Sagimet Biosciences (SGMT) H.C. Wainwright 4th Annual BioConnect Investor Conference summary

Strategic focus on dermatology and FASN inhibitors

• Enhanced focus on dermatology, particularly moderate to severe acne, leveraging FASN inhibitors as a novel mechanism not seen since Accutane's approval in 1982.

• Denifanstat is positioned as a safer, well-tolerated oral alternative to isotretinoin, targeting a broader patient population.

• The drug addresses three of the four main acne drivers: sebum production, inflammation, and infection.
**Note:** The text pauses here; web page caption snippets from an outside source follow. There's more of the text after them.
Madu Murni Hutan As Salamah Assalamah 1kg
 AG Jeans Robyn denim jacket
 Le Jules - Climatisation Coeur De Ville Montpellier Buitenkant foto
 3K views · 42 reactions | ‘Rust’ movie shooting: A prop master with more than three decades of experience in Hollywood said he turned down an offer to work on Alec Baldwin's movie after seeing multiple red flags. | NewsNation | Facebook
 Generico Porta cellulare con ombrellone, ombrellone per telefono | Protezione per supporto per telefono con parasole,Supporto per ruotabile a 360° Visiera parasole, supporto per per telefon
• Positive data from Chinese partner Ascletis, with 20% placebo-adjusted lesion reduction and strong safety profile, supports U.S. development.

• NDA for denifanstat accepted in China, with regulatory decision expected between October and February.

Clinical trial design and regulatory pathway

• U.S. phase III trial will include adolescents (12–17 years) and adults, following FDA guidance, with endpoints mirroring successful Chinese studies.

• Primary endpoint is IGA success at 12 weeks; open-label extension will focus on long-term safety, especially in adolescents.

• IND filing for phase III is imminent, with study start and recruitment targeted by year-end.

• No major procedural hurdles anticipated; trial design stability and known endpoints facilitate execution.

• U.S. and Australian trials for denifanstat and 3567, respectively, will avoid site overlap to prevent recruitment conflicts.

Patient engagement and compliance strategies

• Adolescent recruitment will involve both patients and parents, with education on the importance of compliance and expected outcomes.

• Open-label extension ensures placebo patients transition to active treatment, mirroring positive results from Chinese studies.

• Communication strategies tailored for adolescents, including mobile-based engagement, are being developed.